La Chine a devancé le Japon sur un plan économique, pour la première fois, dans le second quart de l'année 2010. Cet événement a soulevé une vague de commentaires à travers le monde. Certains parlent de symbole, d'autres pointent du doigt la réelle signification du PIB par rapport à d'autres facteurs d'évaluation économique, et enfin certaines voix préfèrent mettre l'accent sur la fragilité de l'écomomie chinoise en dépit d'une croissance surprenante.
Les médias chinois préfèrent adopter un profil bas et ne cèdent pas à un triomphalisme qui serait pourtant compréhensible et justifié.

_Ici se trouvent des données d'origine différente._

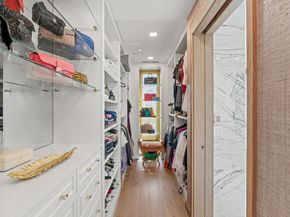 200 East 21st Street 19A, New York NY 10010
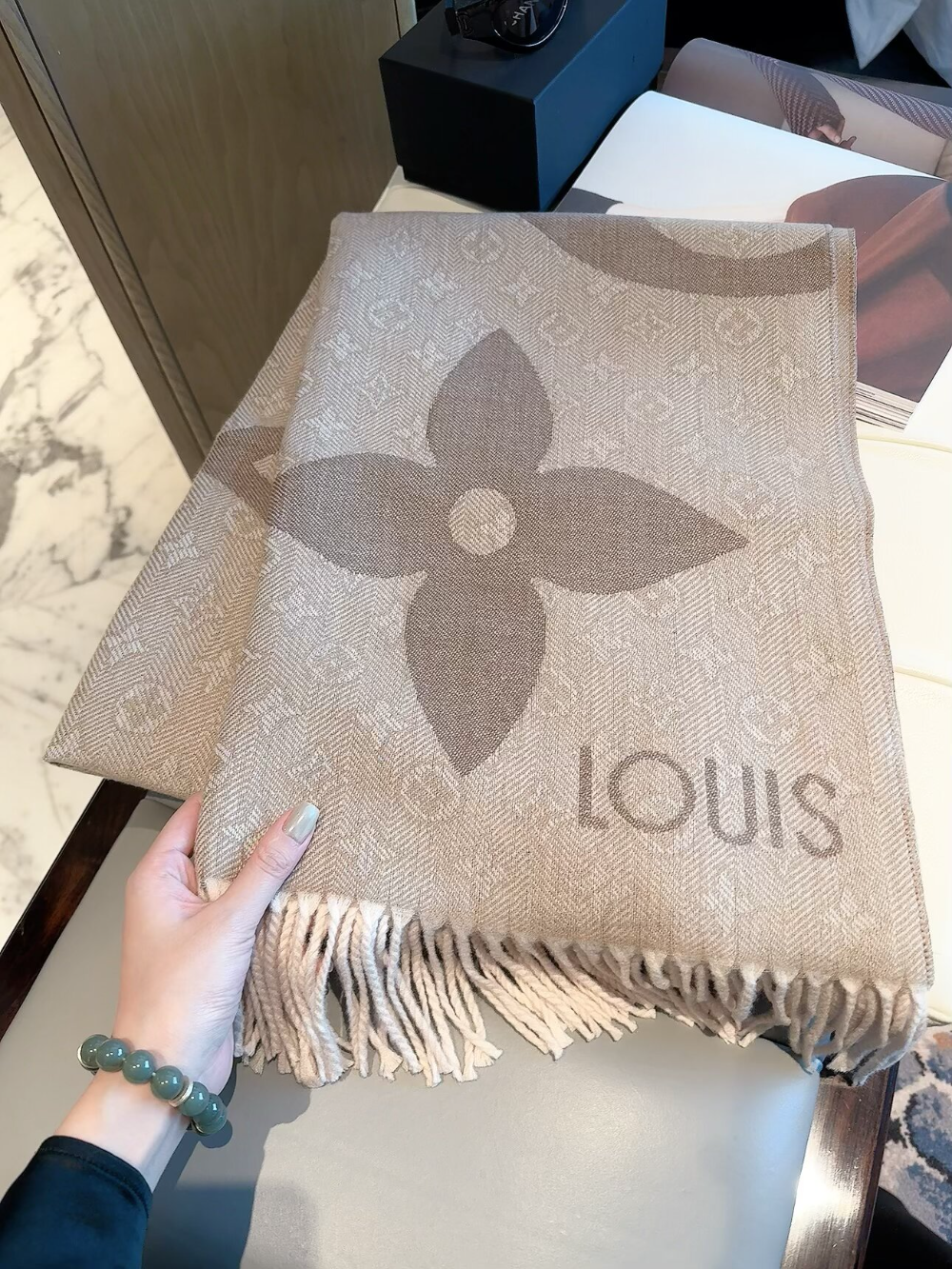 CEM389 new arrive  Hot sale  brown cream color fashion beautiful  scarf  for woman gift  to choose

Le quotidien de langue anglaise, le China Daily, met en avant le PIB chinois qui est dix fois inférieur à celui du Japon. Selon eux, malgré des progrès économiques phénoménaux, la Chine est toujours en pays en développement. Une opinion relayée par le Global Times qui ironise sur les commentaires en ligne d'internautes chinois qui s'imaginent déjà aussi riches que les Japonais.

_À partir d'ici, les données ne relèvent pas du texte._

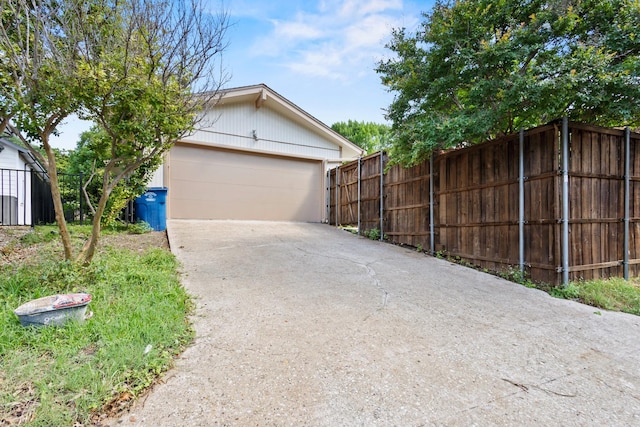 10528 Swallow Ln, Dallas, TX 75218 - garage with driveway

Les médias économiques occidentaux favorisent une approche blasée. The Financial Times reprend les propos de Eswar Prasad, professeur à l'université de Cornell: "En terme d'influence et de dynamisme, la Chine a dépassé le Japon depuis longtemps". The Economist va même plus loin et utilise une charte qui explique que le marasme dans lequel a chuté la Chine depuis 200 ans est une exception historique plutôt que la règle. La réelle question est de savoir pourquoi la Chine est retombée si bas, à la traîne des autres nations, et non pourquoi l'économie actuelle est florissante.

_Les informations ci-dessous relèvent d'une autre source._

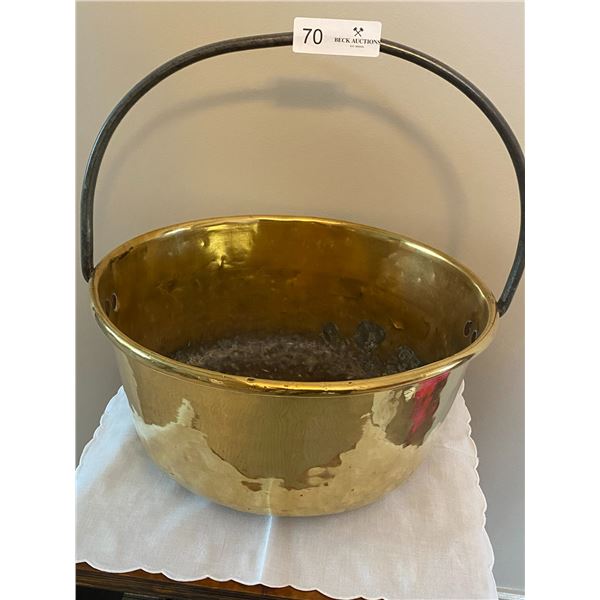 Victorian Brass Caldron With Forged Handle 14L x 7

Le nombre d'articles qui mettent en garde contre les problèmes chinois est plus élevé que prévu. Une population vieillissante, une économie dépendante des exportations, un marché de l'immobilier en surchauffe sont les avertissements les plus fréquents. La meilleure illustration en est peut-être le papier de Peter Foster du Daily Telegraph qui écrit: "Les leaders chinois sont confrontés quotidiennement aux conséquences sociales de leur modèle économique qui rend les riches plus riches et les pauvres plus pauvres. Un comble pour un régime communiste".